Par ailleurs, le Maroc a conclu des partenariats stratégiques avec des acteurs internationaux, dont un méga accord avec des groupes émiratis — TAQA, Nareva et le Fonds Mohammed VI — visant à renforcer la sécurité énergétique et hydrique du pays. Ce partenariat prévoit notamment la réalisation de lignes électriques à haute tension et la construction de centrales à cycle combiné alimentées au gaz naturel.
D’ici 2030, le programme prévoit la construction d’une ligne électrique à courant continu haute tension (HVDC) de 1 400 km reliant le sud au centre du pays, avec une capacité de transport de 3 000 MW. Il inclut également le développement de 1 200 MW de capacités renouvelables et la mise en service de centrales à cycle combiné au gaz naturel à Tahaddart, pour une puissance totale de 1 500 MW.
Dans ce contexte de crise énergétique et d’impératifs climatiques, le Maroc capte l’attention des grandes puissances européennes en quête de diversification de leurs sources d’énergie renouvelable et de sécurisation de leurs approvisionnements. Le Royaume s’impose ainsi comme un partenaire stratégique incontournable pour bâtir un avenir énergétique plus vert et résilient dans la région euro-méditerranéenne. Parmi les projets emblématiques figure Xlinks : ce méga projet transcontinental, estimé à plus de 20 milliards de livres sterling, ambitionne de relier le Maroc au Royaume-Uni via un réseau de 4 000 kilomètres de câbles sous-marins à haute tension. Il permettra de fournir une électricité 100 % renouvelable à quelque 7 millions de foyers britanniques, faisant du Maroc une véritable “centrale énergétique verte” au service de l’Europe.
Cette dynamique positionne le Maroc comme un carrefour énergétique stratégique entre l’Afrique et l’Europe, ainsi qu’un leader régional de la transition énergétique.
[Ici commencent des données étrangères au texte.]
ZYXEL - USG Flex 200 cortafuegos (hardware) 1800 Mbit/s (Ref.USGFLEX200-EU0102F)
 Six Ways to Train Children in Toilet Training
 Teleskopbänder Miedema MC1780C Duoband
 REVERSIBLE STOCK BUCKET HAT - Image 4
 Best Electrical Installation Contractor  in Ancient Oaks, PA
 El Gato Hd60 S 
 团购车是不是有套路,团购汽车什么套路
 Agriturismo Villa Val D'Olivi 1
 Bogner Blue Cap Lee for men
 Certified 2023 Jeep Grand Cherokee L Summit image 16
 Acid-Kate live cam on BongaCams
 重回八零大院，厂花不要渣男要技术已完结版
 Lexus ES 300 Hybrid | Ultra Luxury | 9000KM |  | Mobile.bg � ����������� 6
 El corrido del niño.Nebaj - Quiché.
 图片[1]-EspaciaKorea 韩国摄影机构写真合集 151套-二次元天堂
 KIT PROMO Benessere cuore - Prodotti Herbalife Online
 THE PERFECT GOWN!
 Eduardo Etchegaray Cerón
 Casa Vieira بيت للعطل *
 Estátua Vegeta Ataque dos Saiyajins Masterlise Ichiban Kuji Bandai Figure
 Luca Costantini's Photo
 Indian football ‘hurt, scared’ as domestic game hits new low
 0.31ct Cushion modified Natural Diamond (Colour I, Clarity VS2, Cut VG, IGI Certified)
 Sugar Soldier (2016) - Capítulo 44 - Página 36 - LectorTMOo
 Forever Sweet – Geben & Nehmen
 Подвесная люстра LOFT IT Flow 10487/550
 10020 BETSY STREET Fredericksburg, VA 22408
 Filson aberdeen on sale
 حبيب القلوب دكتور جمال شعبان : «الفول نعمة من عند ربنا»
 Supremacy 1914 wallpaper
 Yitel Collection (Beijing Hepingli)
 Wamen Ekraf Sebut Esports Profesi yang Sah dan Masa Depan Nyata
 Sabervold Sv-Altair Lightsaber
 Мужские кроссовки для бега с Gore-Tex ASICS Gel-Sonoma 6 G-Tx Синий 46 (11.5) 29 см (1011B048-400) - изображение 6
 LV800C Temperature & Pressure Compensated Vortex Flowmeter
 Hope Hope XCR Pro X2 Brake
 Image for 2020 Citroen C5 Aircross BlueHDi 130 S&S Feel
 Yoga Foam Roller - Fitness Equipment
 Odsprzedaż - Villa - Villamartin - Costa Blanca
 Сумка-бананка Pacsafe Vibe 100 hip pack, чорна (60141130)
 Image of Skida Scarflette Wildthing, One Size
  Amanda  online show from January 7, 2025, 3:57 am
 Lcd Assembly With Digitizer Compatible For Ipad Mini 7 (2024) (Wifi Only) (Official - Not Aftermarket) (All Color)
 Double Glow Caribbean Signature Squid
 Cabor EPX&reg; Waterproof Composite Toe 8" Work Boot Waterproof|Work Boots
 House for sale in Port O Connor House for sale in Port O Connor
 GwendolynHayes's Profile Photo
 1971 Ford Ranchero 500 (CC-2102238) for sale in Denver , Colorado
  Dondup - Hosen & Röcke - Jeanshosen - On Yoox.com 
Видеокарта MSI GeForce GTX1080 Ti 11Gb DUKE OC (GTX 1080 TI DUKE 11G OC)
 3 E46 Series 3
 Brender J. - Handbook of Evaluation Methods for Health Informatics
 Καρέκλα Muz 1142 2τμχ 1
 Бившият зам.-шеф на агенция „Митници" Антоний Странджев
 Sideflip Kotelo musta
Le Royaume apparaît désormais comme un acteur capable de contribuer à la sécurité énergétique du Vieux Continent tout en poursuivant ses propres objectifs de décarbonation et de développement durable. Le Partenariat Vert Maroc-UE, lancé en 2022, illustre cette coopération renforcée, centrée sur la durabilité, la transition énergétique et l’ouverture progressive du marché de l’électricité.